Belmont Wins Approval for its Cutting-Edge Facility Near the Shops at Merrick Park
When it comes to accommodating its elderly population, Coral Gables has a commendable record. In everything from taking care of isolated seniors during the COVID crisis, to its adult education programs, to the luxurious Palace assisted-senior living facility a block from Miracle Mile, the Gables earns high grades for its cognizance of senior needs.
Now the city has approved a senior living complex adjacent to the Shops at Merrick Park: Belmont Village. Slated to begin construction later this year, the “village” is being launched in partnership with Baptist Health South Florida. It will be a mixed-use development, with 18,388 square feet of retail and commercial space on the ground floor, and 232 private apartments for “independent living, assisted living and memory care” in 10 stories above.
Besides the quality of the accommodations, Belmont Village will house an array of amenities that make it feel more like a college campus than a home for the aged. These include multiple dining venues, a sports lounge, theater, arts parlor, library, beauty salon, screening room, and music room, as well as a “great room” and “town hall” for Belmont’s social enrichment programs, designed to keep residents physically, socially and mentally active.

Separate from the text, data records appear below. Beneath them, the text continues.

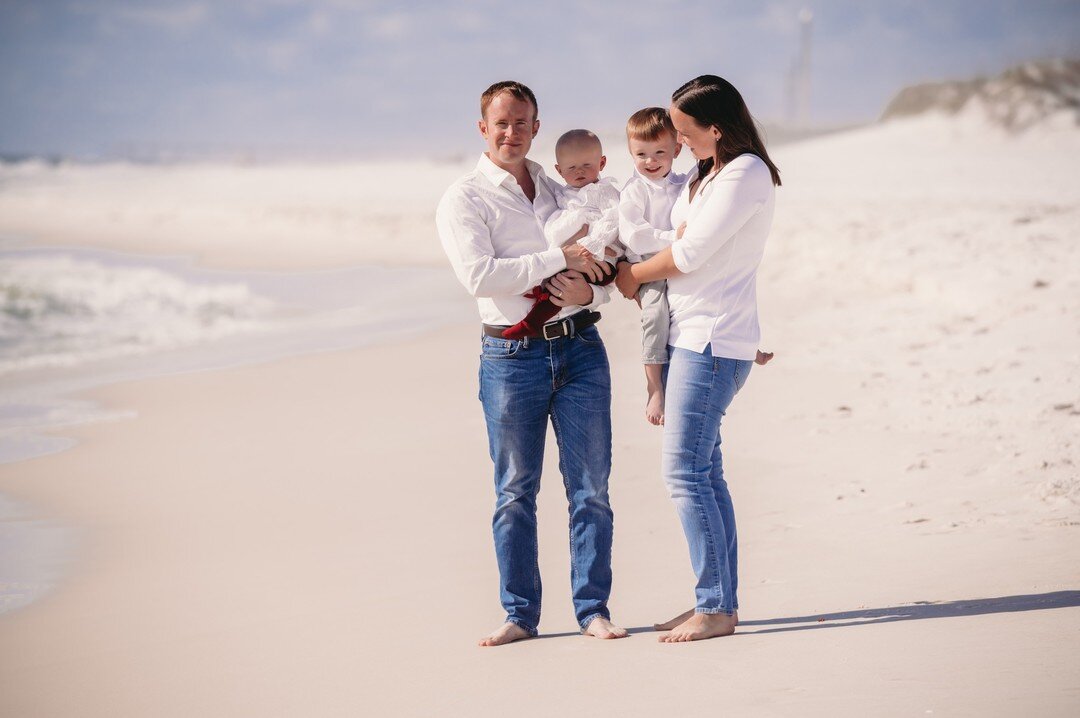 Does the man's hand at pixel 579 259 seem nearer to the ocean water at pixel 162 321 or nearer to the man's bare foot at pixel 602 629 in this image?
the man's bare foot at pixel 602 629

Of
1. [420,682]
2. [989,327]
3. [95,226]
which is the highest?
[95,226]

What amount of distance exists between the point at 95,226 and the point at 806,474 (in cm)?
3346

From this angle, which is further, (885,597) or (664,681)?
(885,597)

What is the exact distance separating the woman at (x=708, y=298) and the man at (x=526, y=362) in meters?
0.26

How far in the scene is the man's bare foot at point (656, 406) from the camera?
3.97 meters

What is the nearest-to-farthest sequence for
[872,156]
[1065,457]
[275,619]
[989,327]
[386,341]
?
[275,619], [1065,457], [989,327], [386,341], [872,156]

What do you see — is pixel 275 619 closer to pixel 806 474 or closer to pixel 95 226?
pixel 806 474

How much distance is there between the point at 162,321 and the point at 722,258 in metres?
12.5

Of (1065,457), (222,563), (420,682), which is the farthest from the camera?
(1065,457)

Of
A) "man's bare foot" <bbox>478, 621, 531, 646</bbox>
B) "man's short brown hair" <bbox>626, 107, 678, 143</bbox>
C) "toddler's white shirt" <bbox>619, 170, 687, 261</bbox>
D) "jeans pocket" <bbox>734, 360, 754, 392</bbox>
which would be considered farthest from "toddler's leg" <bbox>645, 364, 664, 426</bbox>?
"man's bare foot" <bbox>478, 621, 531, 646</bbox>

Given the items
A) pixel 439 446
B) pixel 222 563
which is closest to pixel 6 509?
pixel 222 563

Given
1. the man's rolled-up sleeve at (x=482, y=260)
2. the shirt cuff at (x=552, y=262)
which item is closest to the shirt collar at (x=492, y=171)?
the man's rolled-up sleeve at (x=482, y=260)

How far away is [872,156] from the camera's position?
114 feet

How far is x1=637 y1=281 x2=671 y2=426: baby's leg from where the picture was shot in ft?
12.7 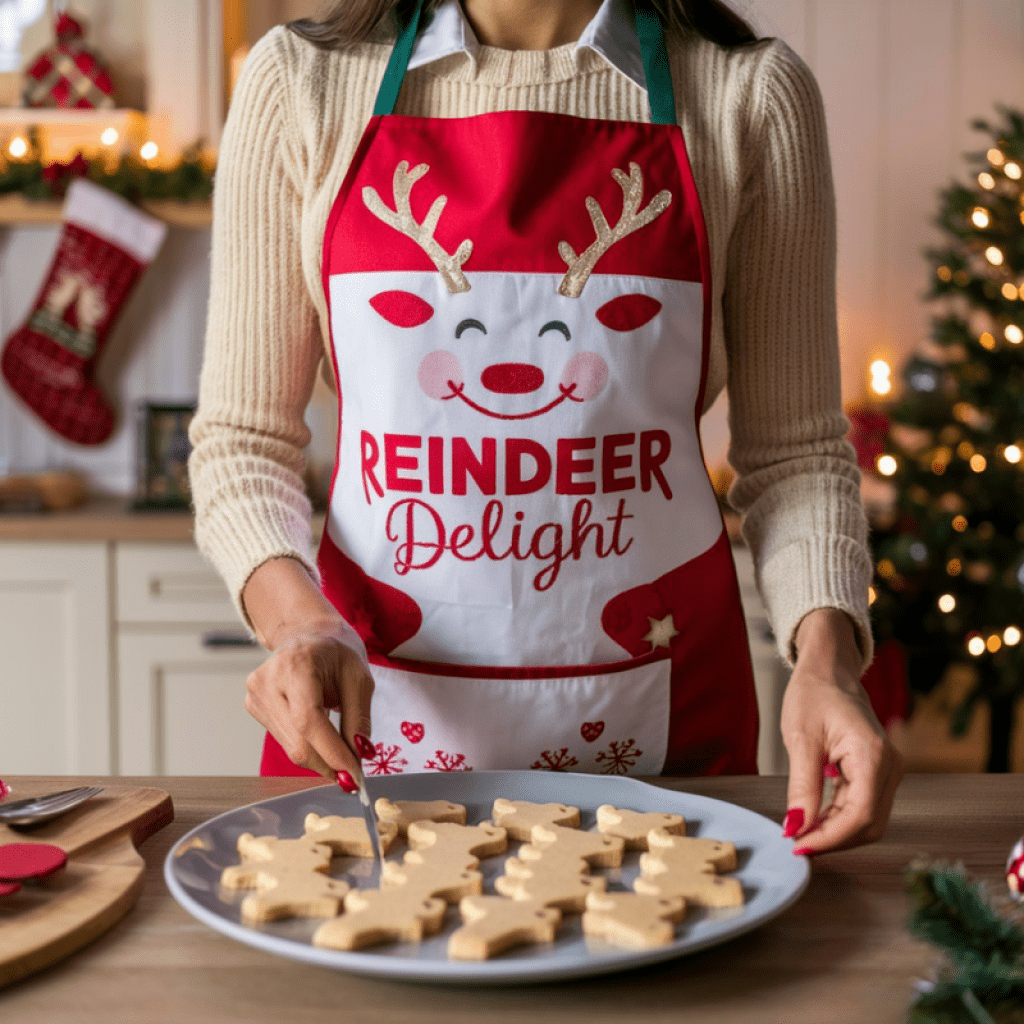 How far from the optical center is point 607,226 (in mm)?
1025

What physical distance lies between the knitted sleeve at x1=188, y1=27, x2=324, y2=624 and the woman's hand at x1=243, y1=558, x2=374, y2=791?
238 millimetres

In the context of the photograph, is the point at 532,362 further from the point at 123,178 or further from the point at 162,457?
the point at 123,178

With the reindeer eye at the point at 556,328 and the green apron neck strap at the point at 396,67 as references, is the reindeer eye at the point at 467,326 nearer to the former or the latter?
the reindeer eye at the point at 556,328

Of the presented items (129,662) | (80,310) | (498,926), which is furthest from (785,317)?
(80,310)

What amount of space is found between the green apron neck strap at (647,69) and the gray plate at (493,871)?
544 mm

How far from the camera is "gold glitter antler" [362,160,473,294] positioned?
1009 millimetres

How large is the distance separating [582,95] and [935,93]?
217 centimetres

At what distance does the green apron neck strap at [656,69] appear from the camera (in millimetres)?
1061

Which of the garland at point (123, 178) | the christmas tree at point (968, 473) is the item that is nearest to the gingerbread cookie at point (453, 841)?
the christmas tree at point (968, 473)

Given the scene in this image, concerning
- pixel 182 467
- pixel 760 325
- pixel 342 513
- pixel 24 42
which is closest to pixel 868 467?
pixel 182 467

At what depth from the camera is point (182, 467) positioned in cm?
267

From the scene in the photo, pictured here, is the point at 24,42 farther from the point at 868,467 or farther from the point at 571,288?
the point at 571,288

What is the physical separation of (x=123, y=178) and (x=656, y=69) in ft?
6.26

“We got to know Baptist when they were acquiring the property next to the Shops,” said Patricia Will, CEO of Houston-based Belmont Village Senior Living, a company she co-founded in 1997 to build retirement centers with best practices for seniors “in everything from neurology to nutrition.” She says she founded the company, which now has 31 operating properties, with “the idea of embracing life-long learning.”
With the addition of Baptist as a partner, she says, “we can take the subject of health and wellness promotion for seniors to another level.” When approved by the city commission last month, the only caveat in the unanimous vote was the insistence by Vice Mayor Vince Lago that the trees portrayed in the renderings provide an actual canopy. “They won’t be saplings,” said Will. “We take the landscaping seriously.”